*** Opening Stored data ***

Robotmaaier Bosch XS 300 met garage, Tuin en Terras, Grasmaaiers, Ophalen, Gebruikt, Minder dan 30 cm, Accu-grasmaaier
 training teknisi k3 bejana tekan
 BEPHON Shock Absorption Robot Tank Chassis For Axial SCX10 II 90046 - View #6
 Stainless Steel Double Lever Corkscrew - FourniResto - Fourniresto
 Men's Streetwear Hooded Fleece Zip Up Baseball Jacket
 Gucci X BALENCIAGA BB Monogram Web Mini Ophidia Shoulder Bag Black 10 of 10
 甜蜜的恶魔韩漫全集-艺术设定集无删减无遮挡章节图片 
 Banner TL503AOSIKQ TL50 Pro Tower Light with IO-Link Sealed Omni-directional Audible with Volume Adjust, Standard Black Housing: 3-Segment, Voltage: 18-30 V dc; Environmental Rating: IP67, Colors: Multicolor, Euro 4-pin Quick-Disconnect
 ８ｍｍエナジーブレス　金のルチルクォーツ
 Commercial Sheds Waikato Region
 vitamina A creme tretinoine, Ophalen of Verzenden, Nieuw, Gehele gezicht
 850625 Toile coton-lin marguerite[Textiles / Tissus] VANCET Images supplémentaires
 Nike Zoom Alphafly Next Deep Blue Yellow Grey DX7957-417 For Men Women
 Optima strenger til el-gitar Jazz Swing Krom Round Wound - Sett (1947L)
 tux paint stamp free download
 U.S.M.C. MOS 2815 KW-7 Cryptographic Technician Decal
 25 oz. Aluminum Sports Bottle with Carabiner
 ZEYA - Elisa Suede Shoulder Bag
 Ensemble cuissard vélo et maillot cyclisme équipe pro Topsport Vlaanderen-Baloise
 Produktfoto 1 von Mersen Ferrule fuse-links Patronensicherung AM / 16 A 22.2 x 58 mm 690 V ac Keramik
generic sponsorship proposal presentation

*** Closing Stored data ***

- [Exercise description]
Reproduce the whole listing verbatim.

- [Task result]
Robotmaaier Bosch XS 300 met garage, Tuin en Terras, Grasmaaiers, Ophalen, Gebruikt, Minder dan 30 cm, Accu-grasmaaier
 training teknisi k3 bejana tekan
 BEPHON Shock Absorption Robot Tank Chassis For Axial SCX10 II 90046 - View #6
 Stainless Steel Double Lever Corkscrew - FourniResto - Fourniresto
 Men's Streetwear Hooded Fleece Zip Up Baseball Jacket
 Gucci X BALENCIAGA BB Monogram Web Mini Ophidia Shoulder Bag Black 10 of 10
 甜蜜的恶魔韩漫全集-艺术设定集无删减无遮挡章节图片 
 Banner TL503AOSIKQ TL50 Pro Tower Light with IO-Link Sealed Omni-directional Audible with Volume Adjust, Standard Black Housing: 3-Segment, Voltage: 18-30 V dc; Environmental Rating: IP67, Colors: Multicolor, Euro 4-pin Quick-Disconnect
 ８ｍｍエナジーブレス　金のルチルクォーツ
 Commercial Sheds Waikato Region
 vitamina A creme tretinoine, Ophalen of Verzenden, Nieuw, Gehele gezicht
 850625 Toile coton-lin marguerite[Textiles / Tissus] VANCET Images supplémentaires
 Nike Zoom Alphafly Next Deep Blue Yellow Grey DX7957-417 For Men Women
 Optima strenger til el-gitar Jazz Swing Krom Round Wound - Sett (1947L)
 tux paint stamp free download
 U.S.M.C. MOS 2815 KW-7 Cryptographic Technician Decal
 25 oz. Aluminum Sports Bottle with Carabiner
 ZEYA - Elisa Suede Shoulder Bag
 Ensemble cuissard vélo et maillot cyclisme équipe pro Topsport Vlaanderen-Baloise
 Produktfoto 1 von Mersen Ferrule fuse-links Patronensicherung AM / 16 A 22.2 x 58 mm 690 V ac Keramik
generic sponsorship proposal presentation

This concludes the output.